Restate the following data in its entirety, word for word and without images.

*** DATASET RECORDS ***

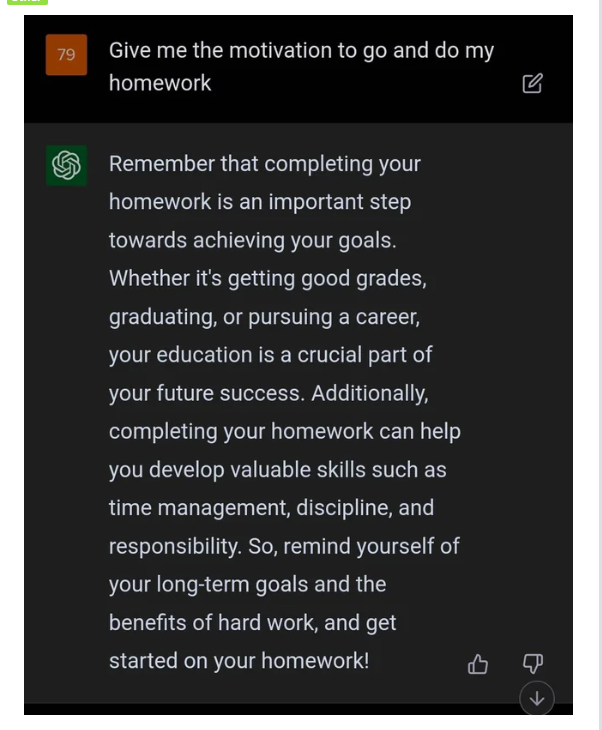 ChatGPT Examples on Reddit - 50 Best ChatGPT Examples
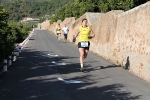 GALERIA 1: Salida y carrera
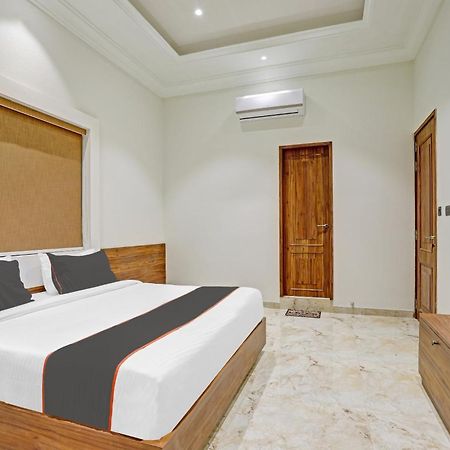 Ratna Vilas Palace Rajkot Dış mekan fotoğraf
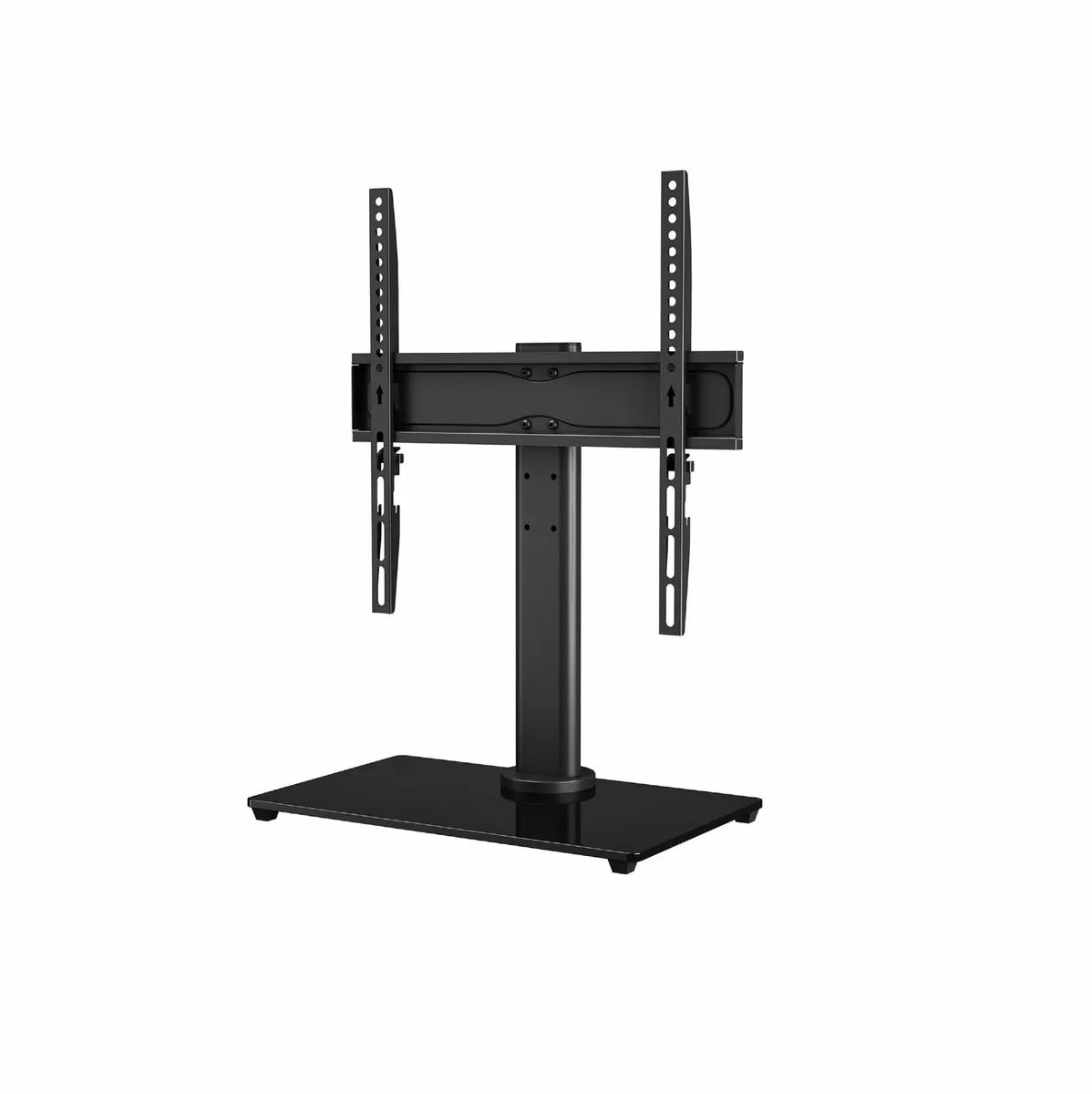 Universal Swivel Table Top TV Stand for 26-55 - Image 1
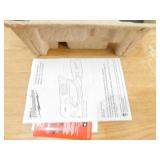 New - Milwaukee M12 FUEL 12V Lithium-Ion Brushless Cordless 3 in. Random Orbital Detail Sander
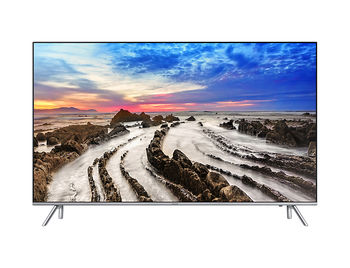 cumpără Televizor LED 49" Smart UE49MU7000 în Chișinău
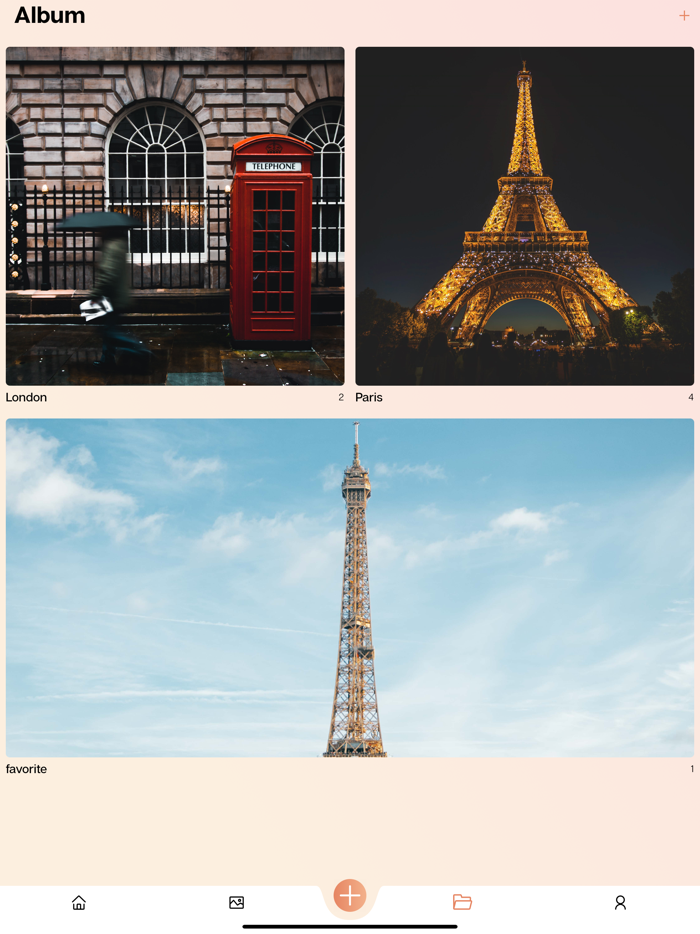 Couple Special Memories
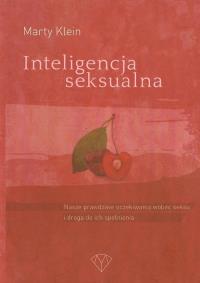 Okładka książki Inteligencja seksualna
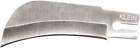3 Pack Klein Tools 44219 Utility Knife Blades 64 mm Blade Length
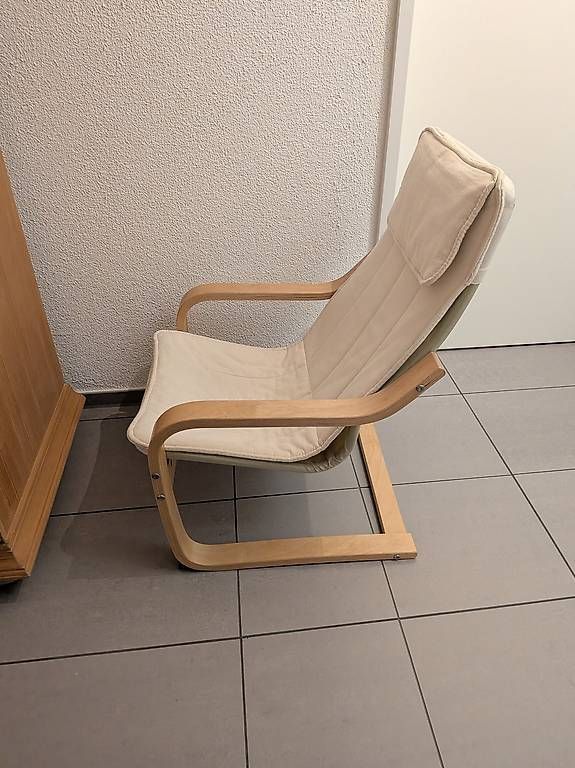 Poltrone: Kindersessel  – Usato da Oberuzwil venduto da MG2211 1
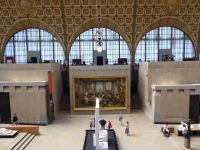 Tag 2 28.05.2023 Musée d´Orsay  &ndash; &copy; Gabriele Sauer (Eberhardt TRAVEL)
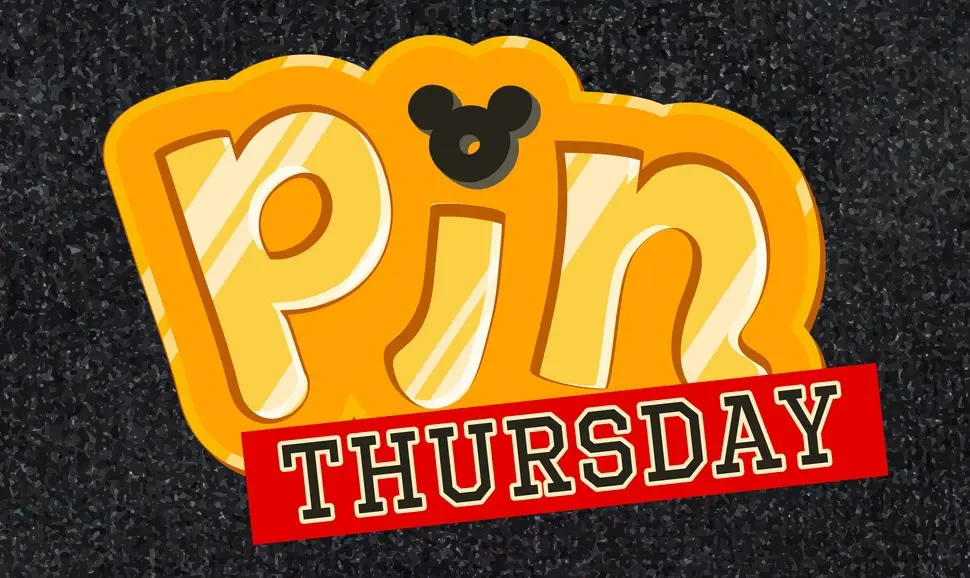 Pin Thursdays Set to Start at Disney’s Animal Kingdom!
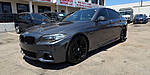 Used 2016 BMW 5 SERIES 535I 4DR SEDAN in SAN DIEGO, CALIFORNIA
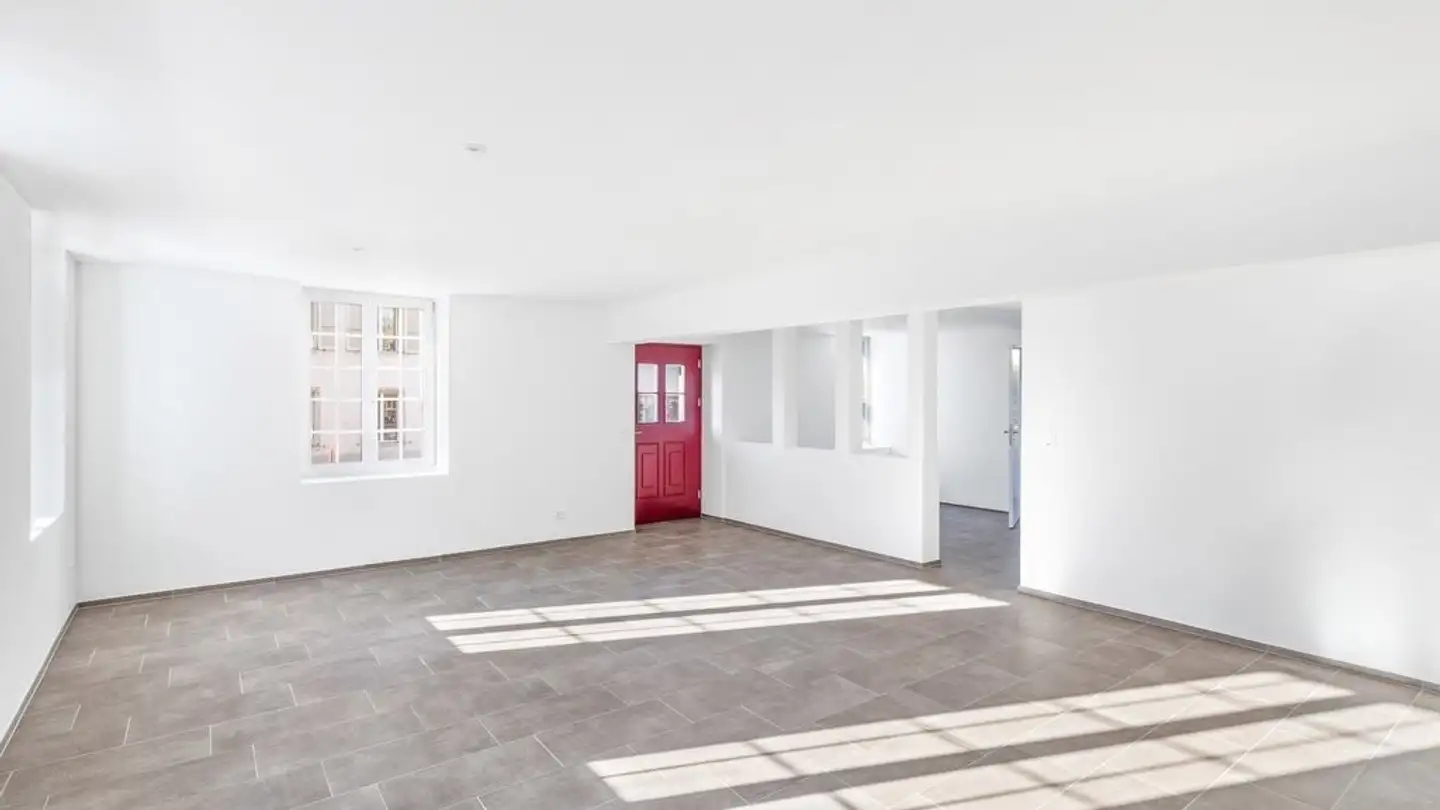 Commercial for rent - Dorfstrasse 34, 2545 Selzach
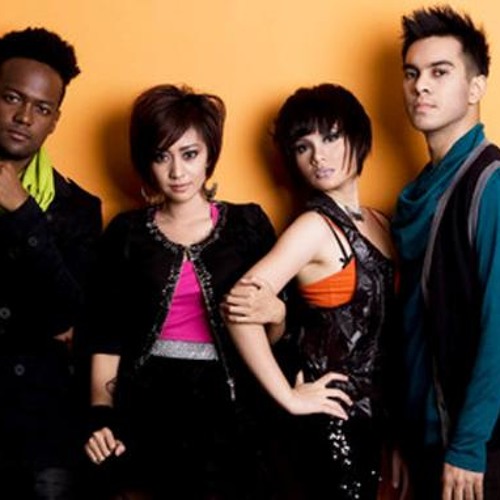 Tangga-Tak Kemana Mana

*** End of DATASET RECORDS ***

RESPONSE BELOW
 ChatGPT Examples on Reddit - 50 Best ChatGPT Examples
 GALERIA 1: Salida y carrera
 Ratna Vilas Palace Rajkot Dış mekan fotoğraf
 Universal Swivel Table Top TV Stand for 26-55 - Image 1
 New - Milwaukee M12 FUEL 12V Lithium-Ion Brushless Cordless 3 in. Random Orbital Detail Sander
 cumpără Televizor LED 49" Smart UE49MU7000 în Chișinău
 Couple Special Memories
 Okładka książki Inteligencja seksualna
3 Pack Klein Tools 44219 Utility Knife Blades 64 mm Blade Length
 Poltrone: Kindersessel  – Usato da Oberuzwil venduto da MG2211 1
 Tag 2 28.05.2023 Musée d´Orsay  &ndash; &copy; Gabriele Sauer (Eberhardt TRAVEL)
 Pin Thursdays Set to Start at Disney’s Animal Kingdom!
 Used 2016 BMW 5 SERIES 535I 4DR SEDAN in SAN DIEGO, CALIFORNIA
 Commercial for rent - Dorfstrasse 34, 2545 Selzach
 Tangga-Tak Kemana Mana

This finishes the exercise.